What is the power usage of the ROKU4 ?, you able to test your self as a lot of sites can be unreliable some times.


----------



## hat (Jul 1, 2016)

I don't know, I'm assuming it's got to be around the same as the Roku 3.


----------



## AsRock (Jul 1, 2016)

hat said:


> I don't know, I'm assuming it's got to be around the same as the Roku 3.



Ooh i was hoping you had one .

Going by there site
12.4W (typical) when streaming 4K UHD video but that's all they say.


----------



## hat (Jul 1, 2016)

If you send me one I'd be happy to provide any power draw data you'd like...


----------



## Mussels (Jul 1, 2016)

HTPC or android box. 
I don't like the rokus and other similar 'streaming only' devices - i like the proper android ones that i can install apps on, with USB ports for local playback and app support for direct file playback over the network from my NAS (no transcoding, no DLNA, just straight access to a network share)

~$50 on ebay will get you a chinese android box (MXQ is a popular brand) with H265/HEVC hardware decoding.

They may not have the grunt of a proper HTPC, but the size, weight, and super low power consumption (and ease of use with just an 'air mouse') has some large benefits.


----------



## AsRock (Jul 1, 2016)

hat said:


> If you send me one I'd be happy to provide any power draw data you'd like...



hehe, will not be getting one for a long time though lack of interest for 4k.


----------



## remixedcat (Jul 1, 2016)

flash them to alt firmware where you can block nasties.... some stock chinese firmware has a TON of nasties.... enterprise firewalls pick it up but consumer routers don't....


----------



## newtekie1 (Jul 1, 2016)

Mussels said:


> They may not have the grunt of a proper HTPC, but the size, weight, and super low power consumption (and ease of use with just an 'air mouse') has some large benefits.



My current full blown Windows 10 64-bit HTPC is extremely small(4.5"W x 2"T x 3"D), weighs 10oz.(385g), and consumes just 7w while streaming 1080p content.  The only real advantage an android box has over a HTPC is if you get a chinese android box off ebay it costs about half the price of my HTPC did from newegg.  Of course, my HTPC also has proper support from a brand name company...


----------



## hat (Jul 2, 2016)

Mussels said:


> HTPC or android box.
> I don't like the rokus and other similar 'streaming only' devices - i like the proper android ones that i can install apps on, with USB ports for local playback and app support for direct file playback over the network from my NAS (no transcoding, no DLNA, just straight access to a network share)
> 
> ~$50 on ebay will get you a chinese android box (MXQ is a popular brand) with H265/HEVC hardware decoding.
> ...


Relevant to interests. You say a $50 chinese doohickey could direct stream even HEVC? Can you get a remote with those?


----------



## FordGT90Concept (Jul 2, 2016)

https://www.amazon.com/dp/B019ESY3RY/?tag=tec06d-20

I bought one of these and run it with Emby.  Only complaint is the remote (doesn't even have a play button).

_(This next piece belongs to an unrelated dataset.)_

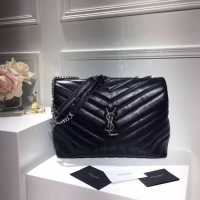 Popular Style SAINT LAURENT Loulou Monogram medium quilted leather shoulder bag 74558 black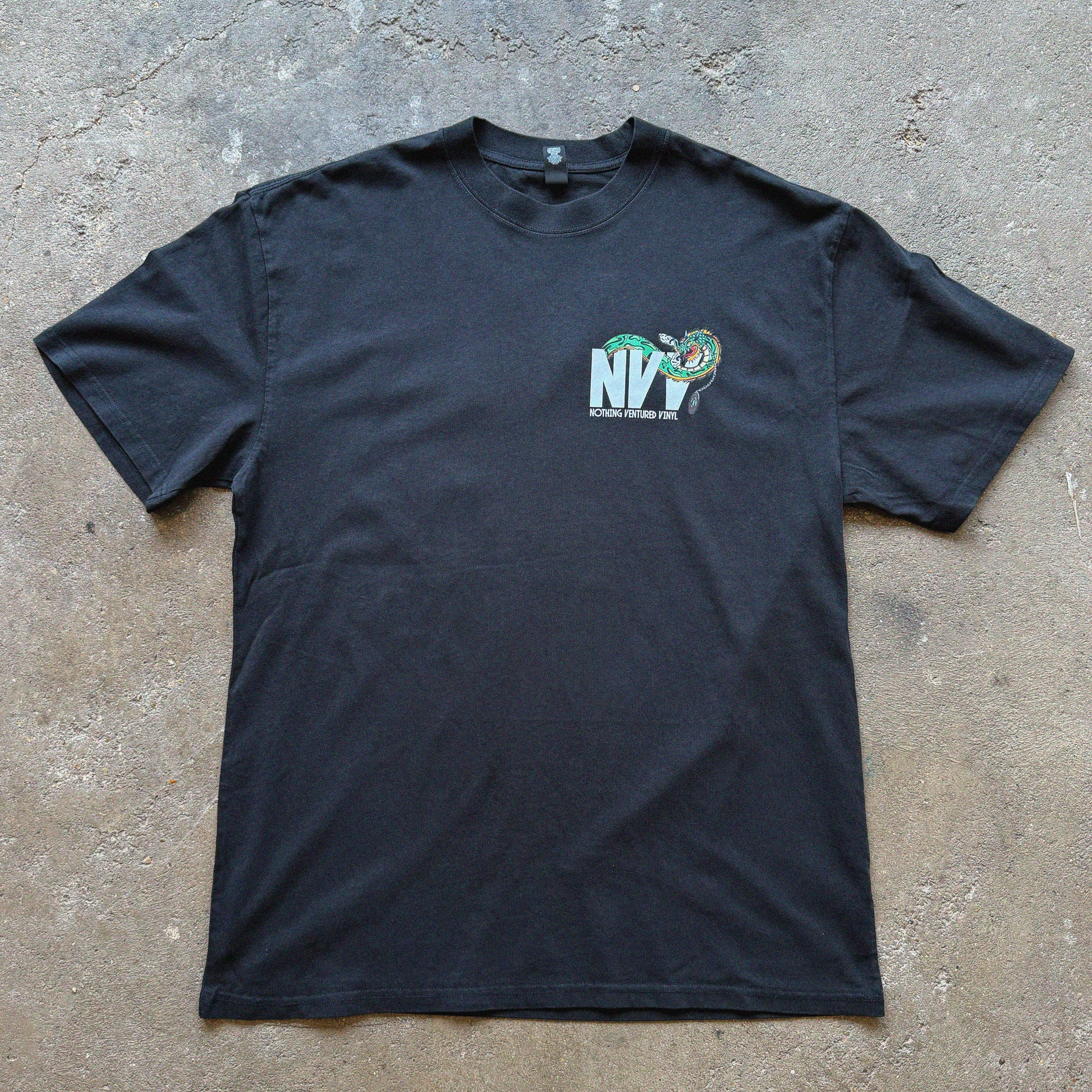 NVV DRAGON TEE BLACK - Nothing Ventured Vinyl, Front Side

It handles MPEG-2 TS 1080i/720p fine and that shit is a lot heavier to decode than HEVC (because it has extensive error correction).


----------



## shovenose (Jul 2, 2016)

HTPC!


----------



## hat (Jul 3, 2016)

FordGT90Concept said:


> https://www.amazon.com/dp/B019ESY3RY/?tag=tec06d-20
> 
> I bought one of these and run it with Emby.  Only complaint is the remote (doesn't even have a play button).
> 
> It handles MPEG-2 TS 1080i/720p fine and that shit is a lot heavier to decode than HEVC (because it has extensive error correction).


MPEG-2 harder to decode than HEVC? Unreal...


----------



## remixedcat (Jul 3, 2016)

I'd get an HTPC and make sure it does HDMI correctly, however the problem might be with some ARC and CEC issues with the TV and sending audio back to a soundbar like SONOS and being able to also use it with cable boxes and consoles and such. Denon HEOS Homecinema is the only soundbar that works properly with this. Tested a SONOS and it would not work right with that at all... the Denon one worked though. 

The TV choice is crucial for it. Mine is a TCL RokuTV 40 inch in the LR and it works fine bc I have the PC connected to the AUX jack and the TV connected to HDMI ARC/CEC and all I have to do is open the app and then switch inputs on it and it's pretty smooth. The HEOS Homecinema also has Optical and coaxial. SONOS is optical only and is MANDATED by the TV and if your TV has "protection" to where even a single HDMI source is connected to the TV the optical is DISABLED and you can't use it AT ALL! Only a handful of "dumb TVs" and only a small set of certified smart TVs'll work with SONOS! My RCA "dumb tv" does not work with SONOS for stuff liek Rokus or HDMI connected PCs, only with cable or OTA sources and blame them for giving into HDCP bullshit. 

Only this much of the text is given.